Re: A nit and an addition for the current draft

Benjamin C. W. Sittler (bsittler@prism.nmt.edu)
Mon, 18 Sep 1995 16:46:22 -0600 (MDT)


On Mon, 18 Sep 1995, Bert Bos wrote:

> Bill Perry writes:
> |Bert Bos writes:
> |> Steve Grimm writes:
> |>
> |> |The nit: The text-background attribute has an ambiguous value type.
> |> |
> |> |<style>
> |> | body: text-background="bluegreen"
> |> |</style>
> |> |
> |> |There's no way for a parser to know if "bluegreen" is a relative URL or a
> |> |color name. Perhaps there should be two attributes for background, with a
> |> |defined order of precedence between them.
> |>
> |> The intention is that color names are entered as keywords without
> |> quotes. The reasoning behind this is, that, presumably, the number of
> |> color names is small, so they can be entered in the parser's hash table.
> |
> | That seems a particularly poor way to differentiate between the two. If
> |a user wants 'readability' they might very well choose to write everything
> |like:
> |
> |body: text-background="red" text-foreground="white" font-style="demi-bold"
> |
> | Ideally, this should `just work right' from the users perspective.
>
> Why would quotes be `just right'?
>
> The first will be a (relative) URL's and so that at least works, but
> only if the style designer has provided a definition for "red" on his
> server.
>
> The other two won't work, because a string is not a valid data type
> for these properties. Are you suggesting that strings should be
> acceptable anywhere a keyword is expected? This may cause confusion
> for the places where the string is to be interpreted as a URL.
>
> Or do you want separate properties for URL's, such as
> `text-background' vs `text-background-url'? The problem is that this
> may not be very intuitive either. For example:
>
> LI: text-background-url = "snowflake"
> (LI) P: text-background = red
>
> OL: text-background = red
> (OL) P: text-background-url = "snowflake"
>
> A P inside an LI inherits a background pattern, but it is overridden
> with a background color. A P inside an OL inherits a background color,
> but it is overridden with a background pattern.

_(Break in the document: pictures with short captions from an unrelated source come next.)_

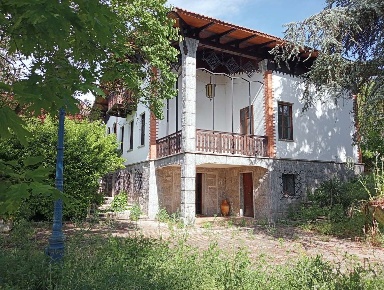 Foto Villa unifamiliare a Pietra Marazzi di 360 m² con 14 locali in vendita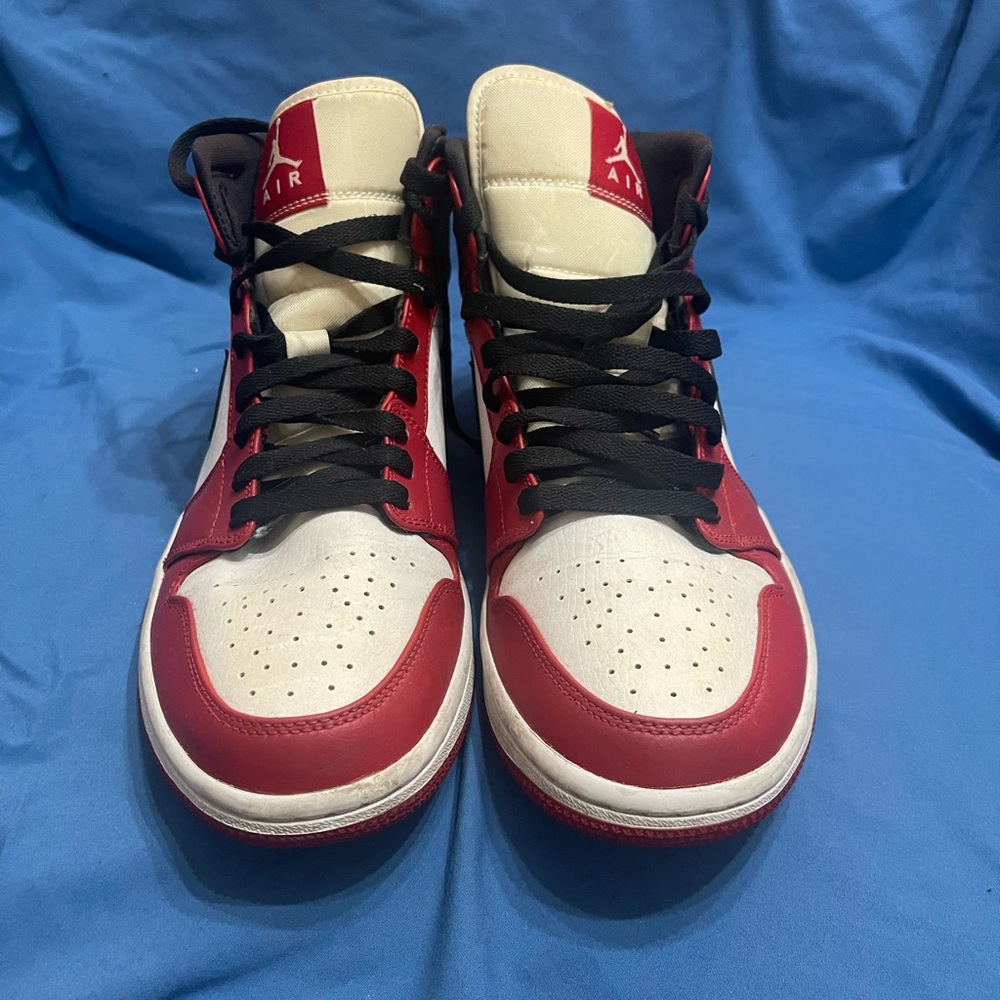Air Jordan 1 Mid 'Chicago' men’s size 8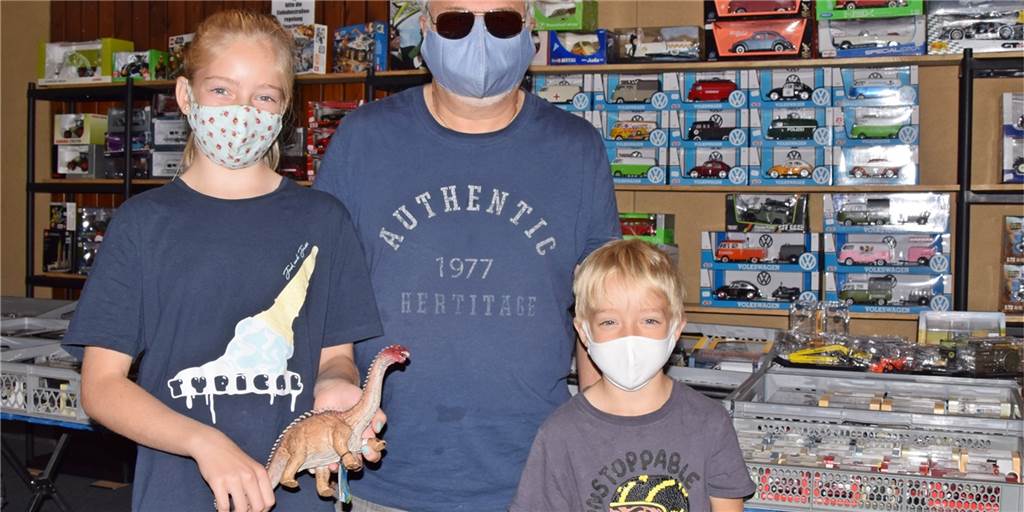 Modellbau- und Spielzeugmesse unter Corona-Bedingungen in Haltern Familie Dellmann war aus Herne angereist, um nach Lego und Drachen Ausschau zu halten.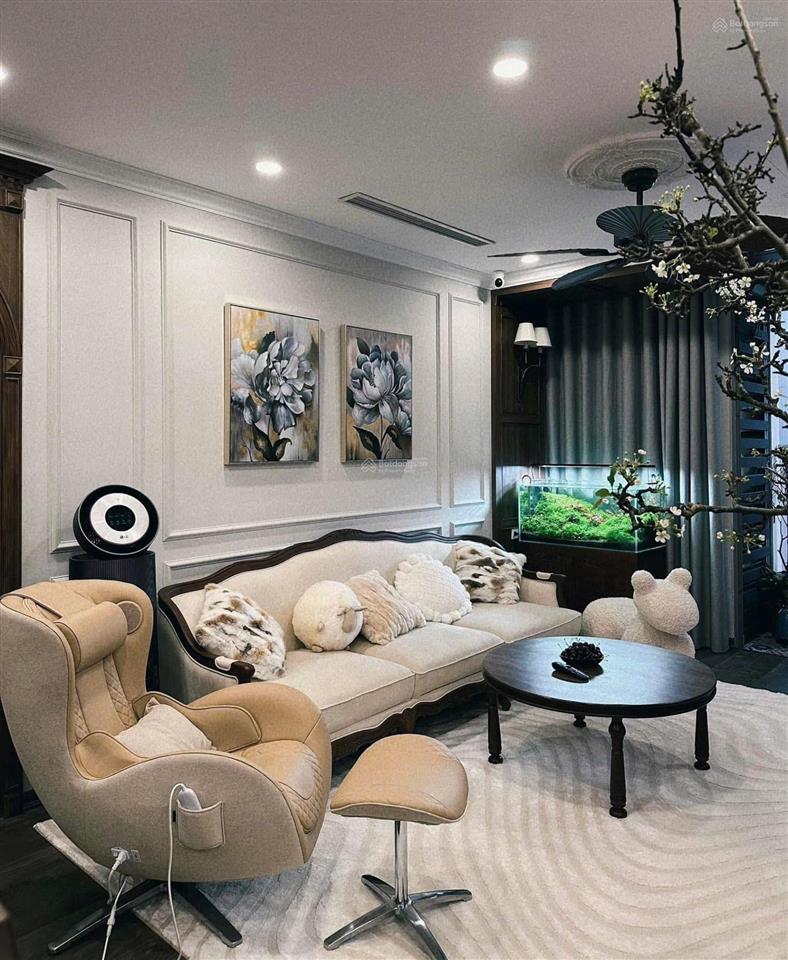 Hàng hiếm 143m2 park 8 vinhomes times city 4 phòng ngủ rộng view quảng trường đẹp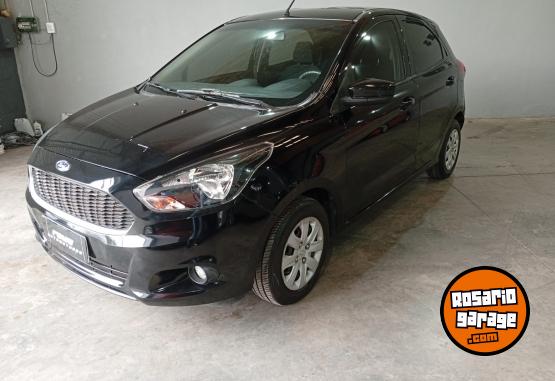 Autos - Ford Ka fiesta gol punto 2018 Nafta 85000Km - En Venta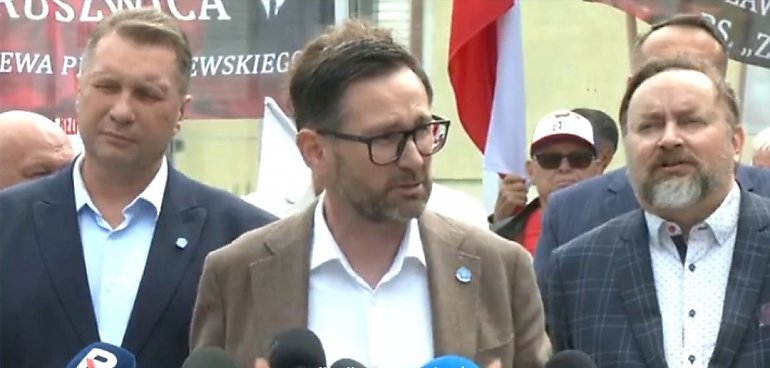 Daniel Obajtek chciał dołączyć do protestujących w Solino. Doszło do szarpaniny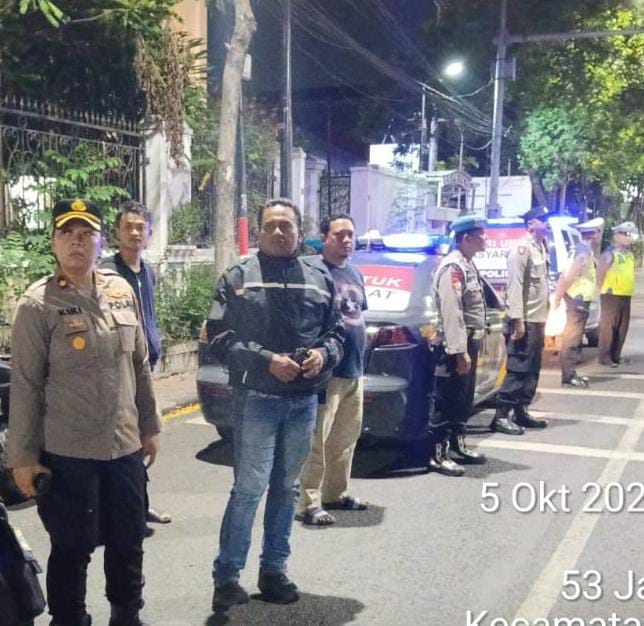 Polsek Sawahan Intensifkan Patroli di Jalan Arjuno, Antisipasi Gangguan Kamtibmas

I think that background colors and images should not exclude eachother...
instead, background images with "transparent" regions should show the
background color in those regions, so that the above CSS could lead to
white snowflakes on red as the background. This would seem to resolve the
problem.

Benjamin C. W. Sittler
"I have great confidence in fools -- self confidence my friends call it."